Is there a real market for speech recognition?


But, apart from the question of accuracy, there must also be some doubt as to whether speech recognition will catch on for applications where the keyboard is currently king. Ford admits that a wholesale switch to speech technology in such cases would lead to a fall in productivity. In fact for short documents such as email, using the keyboard is certainly faster than speech input. There is also the psychological factor that with keyboards, users have total control over their input and can immediately correct typos, while speech users could be frustrated by the frequent appearance of errors when words are not recognised correctly.

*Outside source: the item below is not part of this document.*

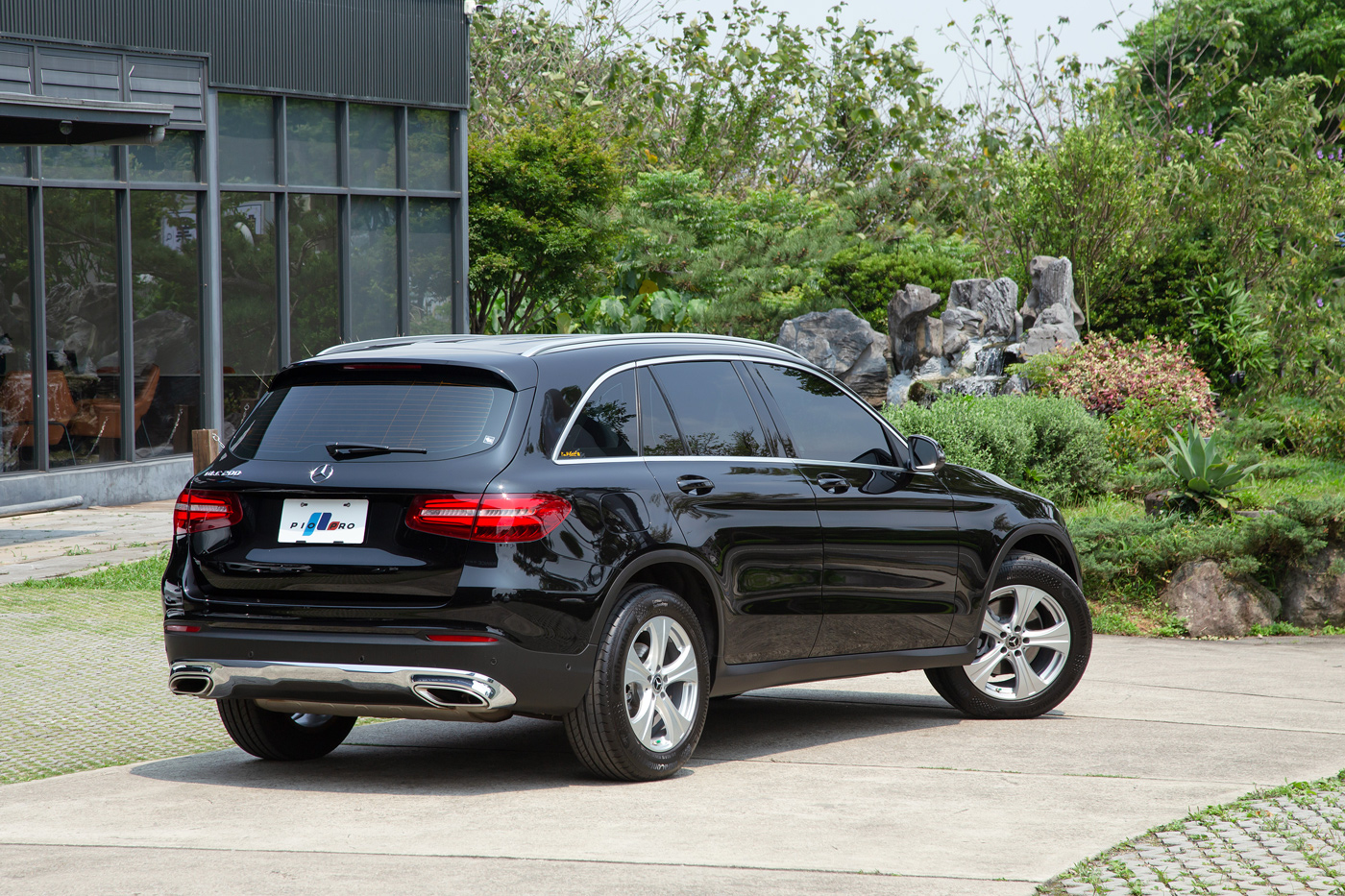 Mercedes-Benz GLC200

This suggests that the important new markets for speech recognition will be where no keyboard is used, or where the keyboard is too small for regular input of large amounts of text (i.e. some palmtop devices). Surveyors, for example, could dictate reports into portable machines and then clean them up and print them later. Dictation could either be via palmtops, or with devices known as digital voice tracers which are dedicated purely to recording and store the voice in digitised form. The basic techniques are now well understood and although some refinement is possible and more processing power would help, there is unlikely to be a major breakthrough. Neural network techniques have, however, accelerated progress somewhat. They have been applied to the process of training systems to extract the phonemes, which are the vowels and consonants comprising the basic parts of speech, from the input audio signal.

The problem that neural network training helps to solve is the fact that although we all use the same phonemes, we all pronounce them differently. Neural network technology allows the system to be trained as it is continually presented with samples of speech, ideally spoken by a variety of different people, and then told what the phonemes are. Then, by a process of feedback, the system learns to identify the defining features of a phoneme that are common to each person.

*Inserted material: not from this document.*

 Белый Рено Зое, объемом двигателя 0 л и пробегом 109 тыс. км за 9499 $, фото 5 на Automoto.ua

It is well known that humans exploit a considerable amount of contextual information when identifying words and meanings, and this can help fill in gaps when some words are not heard properly for example. This is an active field of research from which future speech recognition systems could benefit and become more widely used.

Main players

Speech technology is not particularly suitable for start-ups as it is a long-term game which requires heavy investment in R&D. Most players have been in the field many years now, and Microsoft gave itself a leg up by buying into one of them, L&H, which also specialises in machine translation. Microsoft is interested in this aspect too, primarily for translating Internet content from English into other languages.L&H acquired its speech recognition technology from a company called Kurzweil, which was a rare start up in the field during the 1980s. The company unveiled a number of new speech recognition products at the recent Comdex ’98 show in Las Vegas, including the ‘Now You’re Talking Deluxe’ which incorporates the first fruit of the relationship with Microsoft. It has voice-activated features for Microsoft Office 95 and 97 applications as well as a voice driven Web finder which exploits L&H’s natural language technology, allowing users to surf the Web and initiate searches by asking questions without having to memorise specific commands.

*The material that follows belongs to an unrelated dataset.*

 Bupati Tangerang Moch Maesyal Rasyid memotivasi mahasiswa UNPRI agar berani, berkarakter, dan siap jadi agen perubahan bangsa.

L&H has also developed a speech synthesis product called RealSpeak which goes some way to answering the criticism that such systems sound too awful for words. The product understands and reads texts presented to it, and does sound less robotic than previous efforts, although still rather unnatural and not as human-like as L&H claims in its blurb. Indeed most speech system vendors have been guilty of hyperbole at some point, desperate for some headline seeking developments in a slow moving field of technology. Claims of being the first with a system capable of speaker-independent recognition of continuous talk without gaps between words are about as common and erroneous as exclusive tags to tabloid news stories.

Aside from L&H, the three other major and long established players in the field are IBM, Dragon Systems, and Philips, which all have commercially proven speech recognition systems. Dragon Systems has DragonDictate, which facilitates both dictation and hands-free control of the computer. This product’s vital statistics usefully illustrate the current state of the field: It is ‘speaker-adaptive’ in that its dictionary of prepared words stored in a base voice model is tuned to the different idiosyncrasies of individual users via an initial enrolment process that takes about 45 minutes, during which time you talk to the system. Thereafter the system continues to adapt to your voice, and the company reckons it will take a further 6 to 12 hours to reach the full level of recognition accuracy, which is just over 90% of the words spoken on average. The product comes with a base dictionary of 180,000 words, but this is too great for online recognition with standard hardware. Therefore the actual working dictionary is a subset of this, comprising 10,000 to 60,000 words depending on the version purchased.

The product does not support continuous speech as it typically requires a pause of at least 0.1 second between words, although this depends on the power of the CPU. Speaking in this way, users can dictate between 35 and 55 words a minute while maintaining full accuracy, which is slower than a professional typist but faster than handwriting - and significantly ahead of pen-based computer technology. Given the average level of typos that most users of word processors make, the performance is acceptable for those who fancy that mode of working. But there is some way to go to eradicate or at least mitigate undesirable features such as the fact that accuracy can diminish significantly when the user has a cold. Telecoms companies such as BT and AT&T are also well into the field, but their focus, as far as implementing systems is concerned, has been more on command-level recognition of single words for telephony applications. The loss of quality and therefore signal information over the telephone makes it harder to recognise continuous speech accurately, and even for single words identification rates are often not much greater than 90%.